Extract exactly those lines that lie between the start of the material and the line with "Elegant dining room", including both boundary lines and no others.

Start of Block

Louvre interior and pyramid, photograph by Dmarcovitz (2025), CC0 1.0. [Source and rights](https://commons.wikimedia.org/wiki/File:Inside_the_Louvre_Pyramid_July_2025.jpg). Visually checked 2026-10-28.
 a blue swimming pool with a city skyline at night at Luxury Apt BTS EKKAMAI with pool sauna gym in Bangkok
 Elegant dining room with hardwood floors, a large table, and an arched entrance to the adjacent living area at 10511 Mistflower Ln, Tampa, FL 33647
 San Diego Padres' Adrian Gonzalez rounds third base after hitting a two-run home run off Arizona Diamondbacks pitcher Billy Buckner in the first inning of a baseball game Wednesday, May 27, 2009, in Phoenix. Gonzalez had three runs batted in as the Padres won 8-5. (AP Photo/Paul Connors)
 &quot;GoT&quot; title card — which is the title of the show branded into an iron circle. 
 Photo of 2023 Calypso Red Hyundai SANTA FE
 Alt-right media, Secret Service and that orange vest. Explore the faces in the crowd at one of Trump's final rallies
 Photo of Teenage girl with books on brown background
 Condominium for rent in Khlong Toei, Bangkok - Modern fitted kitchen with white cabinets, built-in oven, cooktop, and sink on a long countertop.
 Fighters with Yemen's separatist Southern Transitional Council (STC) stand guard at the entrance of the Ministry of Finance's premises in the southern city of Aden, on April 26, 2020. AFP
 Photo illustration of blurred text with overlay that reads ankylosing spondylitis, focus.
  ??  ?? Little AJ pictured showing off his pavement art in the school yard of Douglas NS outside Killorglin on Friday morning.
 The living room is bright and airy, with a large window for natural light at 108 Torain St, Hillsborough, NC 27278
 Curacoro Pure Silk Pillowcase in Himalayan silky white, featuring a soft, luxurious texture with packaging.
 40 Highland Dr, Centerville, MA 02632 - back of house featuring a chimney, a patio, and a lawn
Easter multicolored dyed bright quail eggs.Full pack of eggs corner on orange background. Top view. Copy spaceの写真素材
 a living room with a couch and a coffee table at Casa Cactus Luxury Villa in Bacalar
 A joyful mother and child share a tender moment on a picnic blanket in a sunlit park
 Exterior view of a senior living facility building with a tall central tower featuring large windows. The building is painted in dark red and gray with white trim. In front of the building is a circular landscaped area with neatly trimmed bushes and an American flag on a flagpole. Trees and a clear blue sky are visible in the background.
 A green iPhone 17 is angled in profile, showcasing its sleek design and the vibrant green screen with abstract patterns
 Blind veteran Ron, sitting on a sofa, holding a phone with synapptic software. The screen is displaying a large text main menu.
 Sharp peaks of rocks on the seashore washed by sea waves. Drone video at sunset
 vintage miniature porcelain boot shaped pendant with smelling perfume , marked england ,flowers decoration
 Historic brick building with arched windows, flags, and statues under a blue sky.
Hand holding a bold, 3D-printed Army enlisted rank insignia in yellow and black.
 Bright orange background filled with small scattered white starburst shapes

End of Block

> ANSWER TO THE PROBLEM
Louvre interior and pyramid, photograph by Dmarcovitz (2025), CC0 1.0. [Source and rights](https://commons.wikimedia.org/wiki/File:Inside_the_Louvre_Pyramid_July_2025.jpg). Visually checked 2026-10-28.
 a blue swimming pool with a city skyline at night at Luxury Apt BTS EKKAMAI with pool sauna gym in Bangkok
 Elegant dining room with hardwood floors, a large table, and an arched entrance to the adjacent living area at 10511 Mistflower Ln, Tampa, FL 33647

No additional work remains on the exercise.